▶ **What needs to be done**
From the listing below, give again exactly the lines from the line with "Sleek 9860 Prada" to the line with "Nissan Terrano 3.0 di 113kw - 10", ends included, without any pictures.

-------- Supplied information

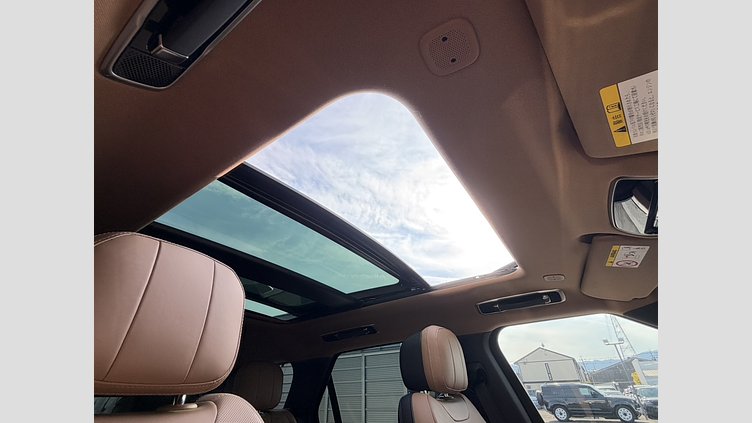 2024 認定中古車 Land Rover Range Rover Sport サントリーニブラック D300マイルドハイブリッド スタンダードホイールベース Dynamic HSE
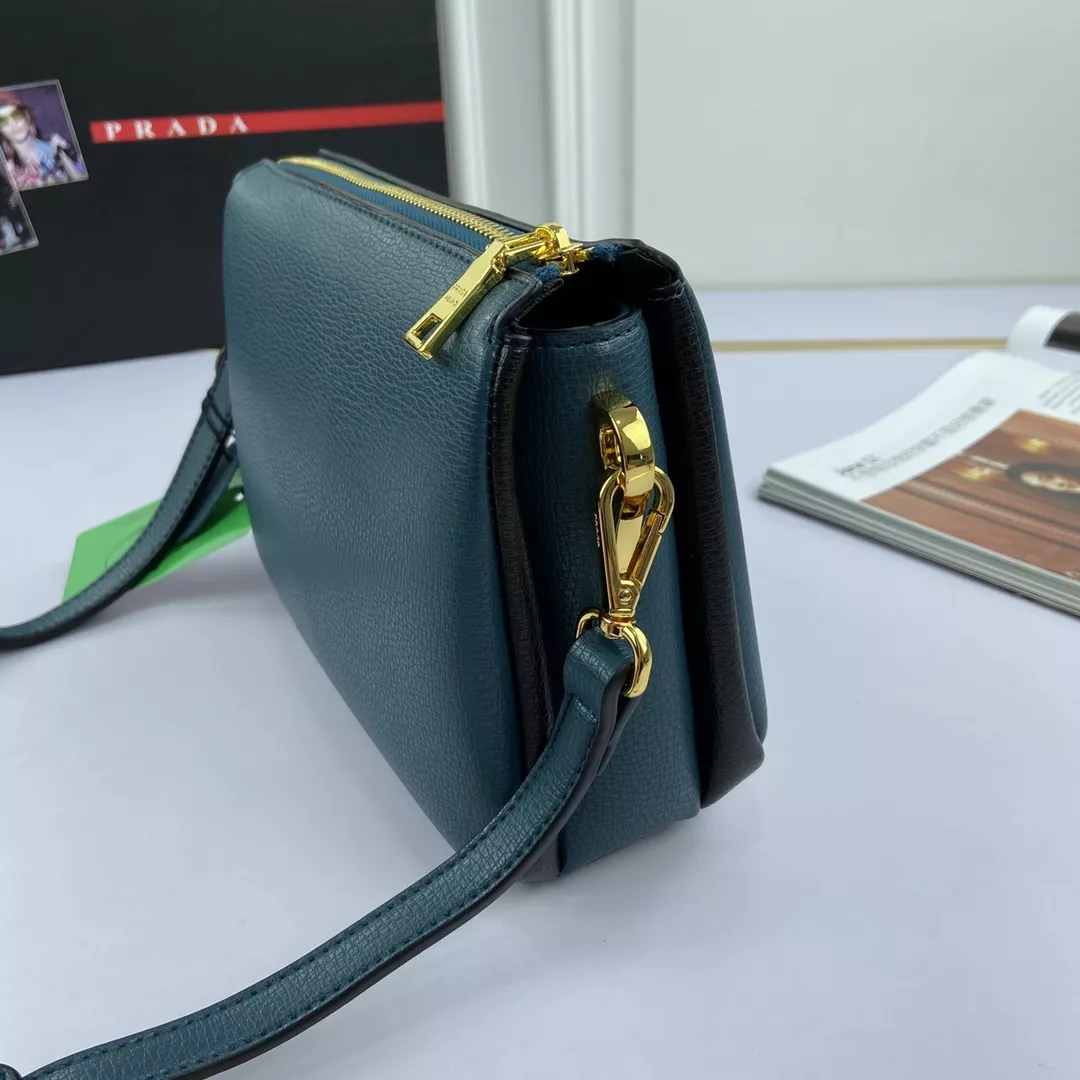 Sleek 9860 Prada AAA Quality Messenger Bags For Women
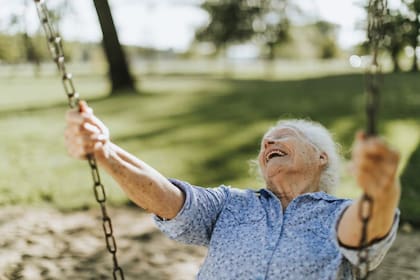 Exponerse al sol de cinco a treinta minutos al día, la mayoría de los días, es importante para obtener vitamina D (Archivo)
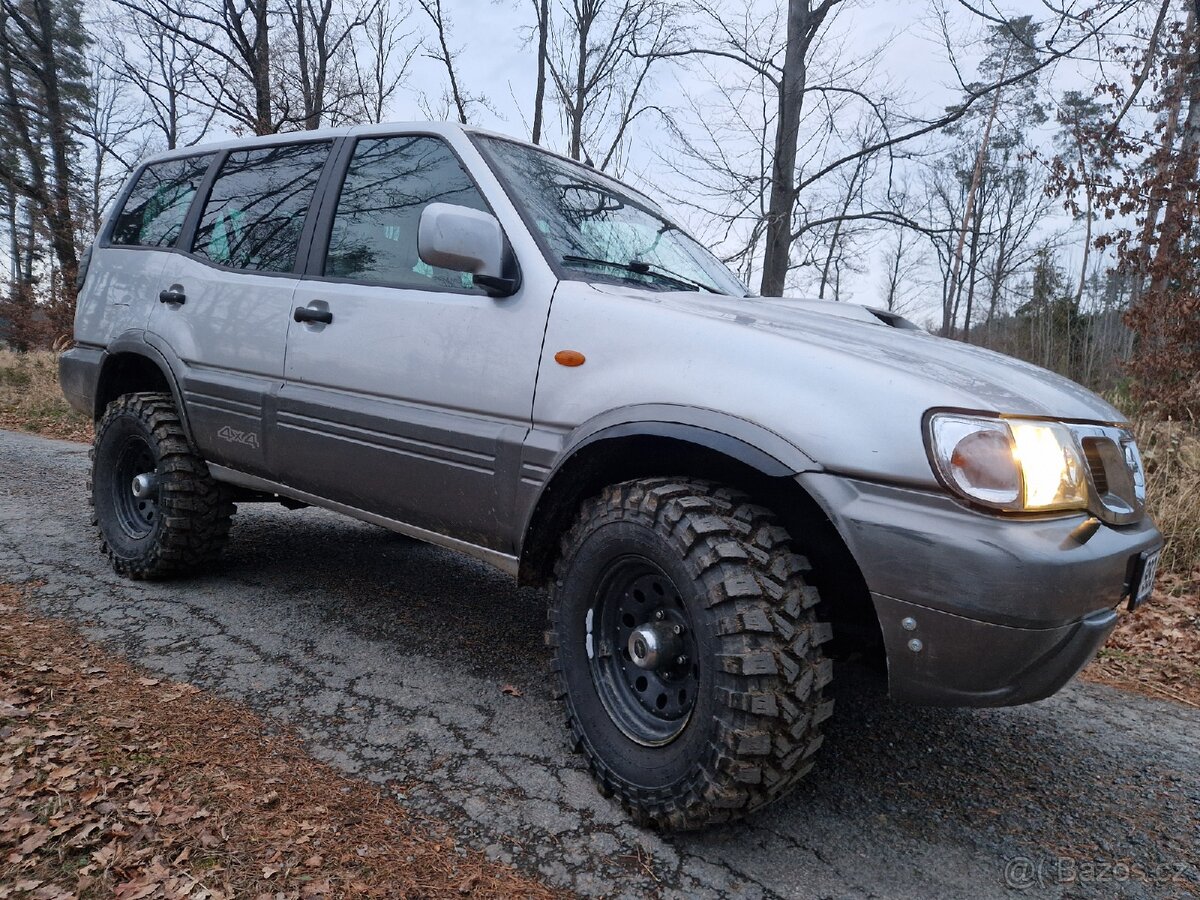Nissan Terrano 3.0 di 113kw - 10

----------------
-------- Supplied information

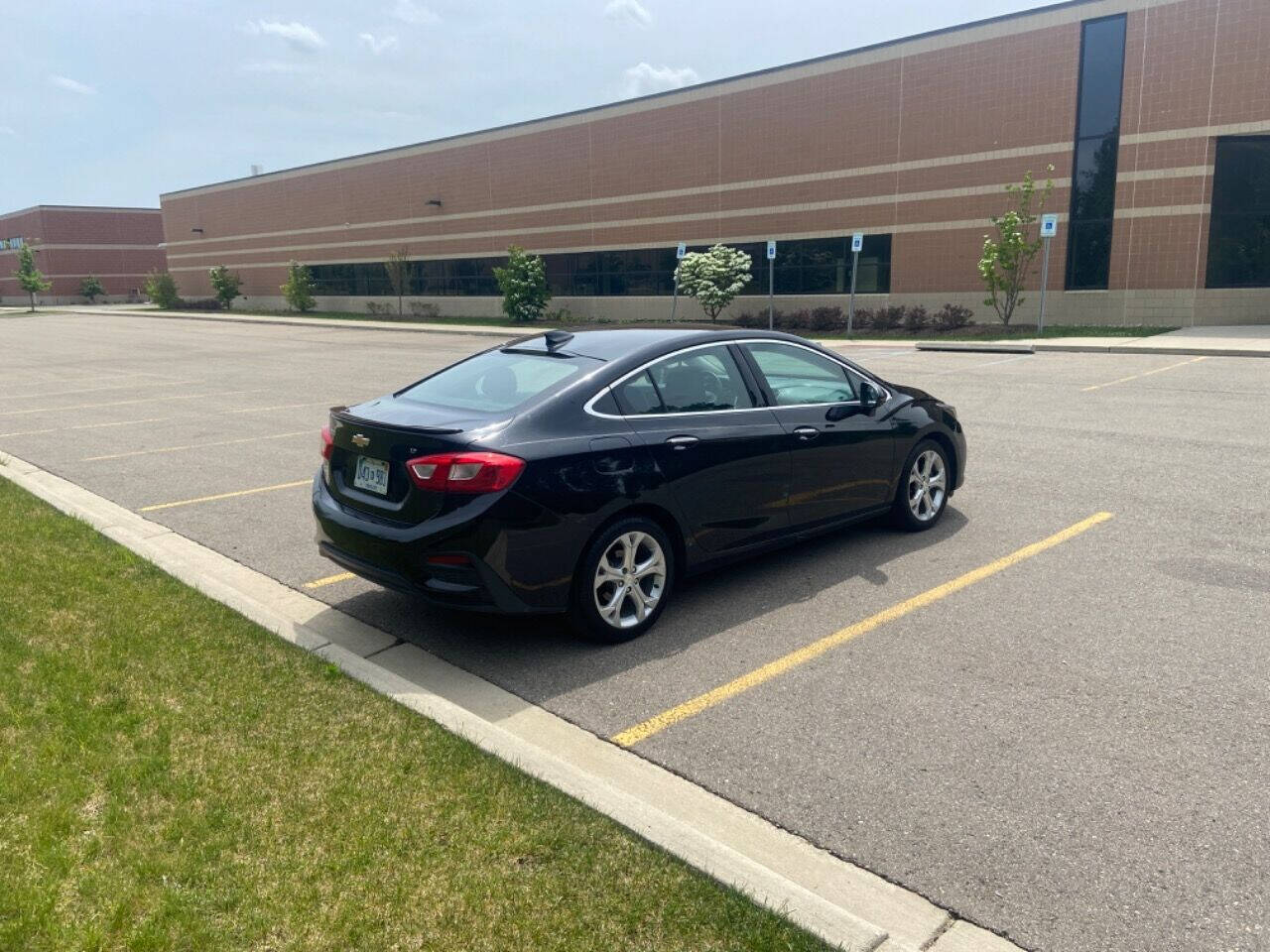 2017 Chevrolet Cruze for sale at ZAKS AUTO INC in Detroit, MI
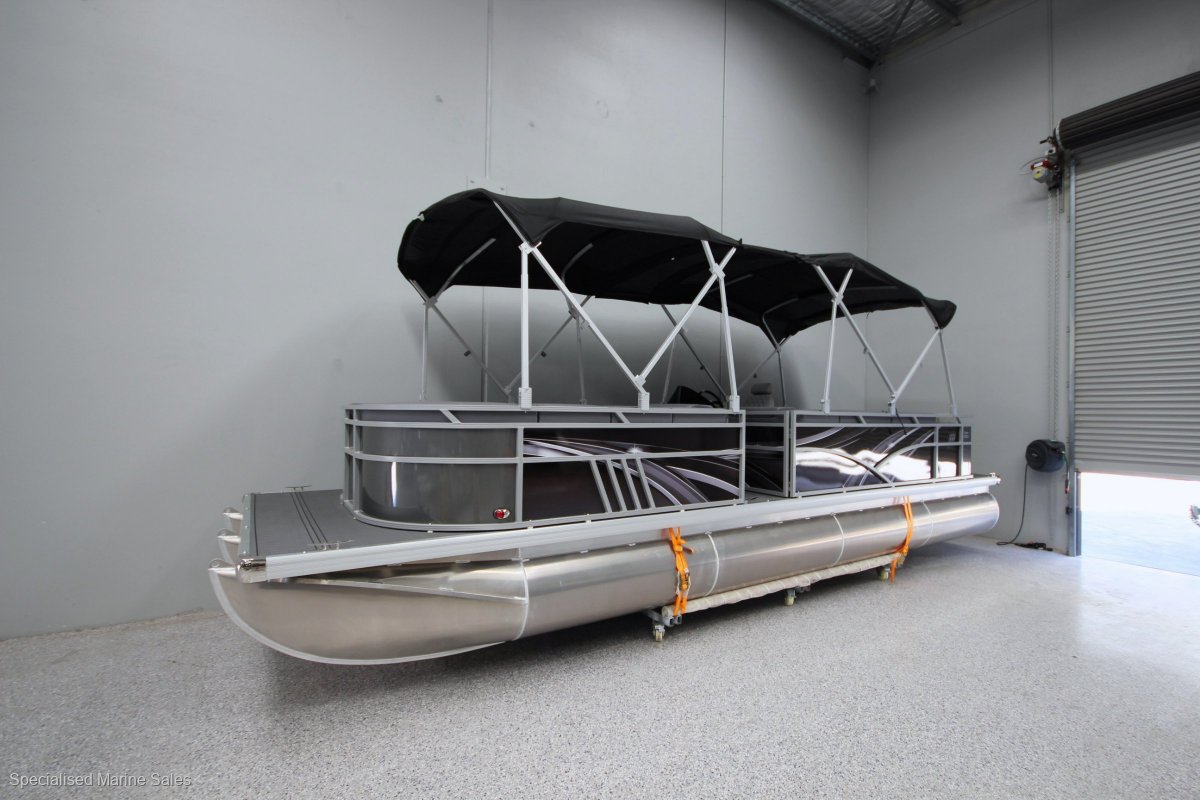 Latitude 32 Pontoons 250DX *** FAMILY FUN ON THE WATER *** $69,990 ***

----------------

▶ **Reply to the task**
 Sleek 9860 Prada AAA Quality Messenger Bags For Women
 Exponerse al sol de cinco a treinta minutos al día, la mayoría de los días, es importante para obtener vitamina D (Archivo)
Nissan Terrano 3.0 di 113kw - 10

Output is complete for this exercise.